> **Work to complete**
Which lines make up the answer? Those from the line with "Drone flies above" through the end of the data; reproduce them exactly.

> **Given records**
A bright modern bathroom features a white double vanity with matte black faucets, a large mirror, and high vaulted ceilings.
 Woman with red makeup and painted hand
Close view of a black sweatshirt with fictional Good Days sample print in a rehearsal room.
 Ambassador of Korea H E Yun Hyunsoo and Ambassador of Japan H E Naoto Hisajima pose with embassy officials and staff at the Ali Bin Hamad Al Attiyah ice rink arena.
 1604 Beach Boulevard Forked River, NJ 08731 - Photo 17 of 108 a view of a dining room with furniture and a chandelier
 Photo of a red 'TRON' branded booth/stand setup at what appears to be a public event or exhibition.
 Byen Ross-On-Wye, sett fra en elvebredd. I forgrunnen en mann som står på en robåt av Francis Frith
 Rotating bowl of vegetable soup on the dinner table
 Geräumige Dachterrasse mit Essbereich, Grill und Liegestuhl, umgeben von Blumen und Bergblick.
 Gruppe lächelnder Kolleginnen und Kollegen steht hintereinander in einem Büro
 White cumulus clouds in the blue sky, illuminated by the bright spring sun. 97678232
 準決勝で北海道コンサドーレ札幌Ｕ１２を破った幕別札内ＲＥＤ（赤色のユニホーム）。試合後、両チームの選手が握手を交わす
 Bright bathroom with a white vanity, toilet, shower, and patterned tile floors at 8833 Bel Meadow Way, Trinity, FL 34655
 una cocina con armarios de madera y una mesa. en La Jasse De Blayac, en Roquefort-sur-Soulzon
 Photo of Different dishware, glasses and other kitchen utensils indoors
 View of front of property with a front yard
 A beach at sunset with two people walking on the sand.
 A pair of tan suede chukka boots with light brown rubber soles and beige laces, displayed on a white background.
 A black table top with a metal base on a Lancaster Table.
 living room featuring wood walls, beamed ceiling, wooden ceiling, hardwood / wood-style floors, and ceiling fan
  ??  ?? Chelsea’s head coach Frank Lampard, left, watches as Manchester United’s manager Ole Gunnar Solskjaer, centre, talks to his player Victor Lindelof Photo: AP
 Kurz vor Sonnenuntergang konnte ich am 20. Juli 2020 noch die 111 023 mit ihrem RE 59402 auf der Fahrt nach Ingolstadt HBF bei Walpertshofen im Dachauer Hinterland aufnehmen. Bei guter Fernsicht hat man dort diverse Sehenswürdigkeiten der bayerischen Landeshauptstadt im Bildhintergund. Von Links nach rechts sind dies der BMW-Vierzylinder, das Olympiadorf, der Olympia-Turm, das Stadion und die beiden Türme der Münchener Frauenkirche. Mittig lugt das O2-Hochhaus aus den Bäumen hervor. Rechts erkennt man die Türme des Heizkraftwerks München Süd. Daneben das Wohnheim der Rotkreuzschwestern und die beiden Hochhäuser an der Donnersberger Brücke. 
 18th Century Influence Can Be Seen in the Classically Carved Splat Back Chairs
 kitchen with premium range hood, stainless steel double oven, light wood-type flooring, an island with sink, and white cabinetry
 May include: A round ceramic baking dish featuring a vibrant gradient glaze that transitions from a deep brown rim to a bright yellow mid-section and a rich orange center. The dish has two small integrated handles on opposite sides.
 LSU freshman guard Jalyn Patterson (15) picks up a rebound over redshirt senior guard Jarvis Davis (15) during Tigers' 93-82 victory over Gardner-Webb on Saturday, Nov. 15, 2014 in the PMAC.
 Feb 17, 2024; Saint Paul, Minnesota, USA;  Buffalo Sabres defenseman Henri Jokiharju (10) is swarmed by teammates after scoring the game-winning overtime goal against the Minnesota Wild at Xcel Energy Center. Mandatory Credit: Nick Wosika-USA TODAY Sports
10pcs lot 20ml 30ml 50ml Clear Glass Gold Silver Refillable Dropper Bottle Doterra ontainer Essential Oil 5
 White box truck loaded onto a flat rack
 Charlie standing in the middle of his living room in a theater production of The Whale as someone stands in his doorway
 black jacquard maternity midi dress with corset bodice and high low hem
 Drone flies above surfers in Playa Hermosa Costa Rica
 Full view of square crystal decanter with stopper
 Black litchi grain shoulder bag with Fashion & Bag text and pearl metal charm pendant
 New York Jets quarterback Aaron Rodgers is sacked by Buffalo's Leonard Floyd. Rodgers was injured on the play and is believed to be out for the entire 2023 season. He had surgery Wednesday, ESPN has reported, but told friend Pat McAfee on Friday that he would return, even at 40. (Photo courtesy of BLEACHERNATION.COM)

> **Exercise response**
 Drone flies above surfers in Playa Hermosa Costa Rica
 Full view of square crystal decanter with stopper
 Black litchi grain shoulder bag with Fashion & Bag text and pearl metal charm pendant
 New York Jets quarterback Aaron Rodgers is sacked by Buffalo's Leonard Floyd. Rodgers was injured on the play and is believed to be out for the entire 2023 season. He had surgery Wednesday, ESPN has reported, but told friend Pat McAfee on Friday that he would return, even at 40. (Photo courtesy of BLEACHERNATION.COM)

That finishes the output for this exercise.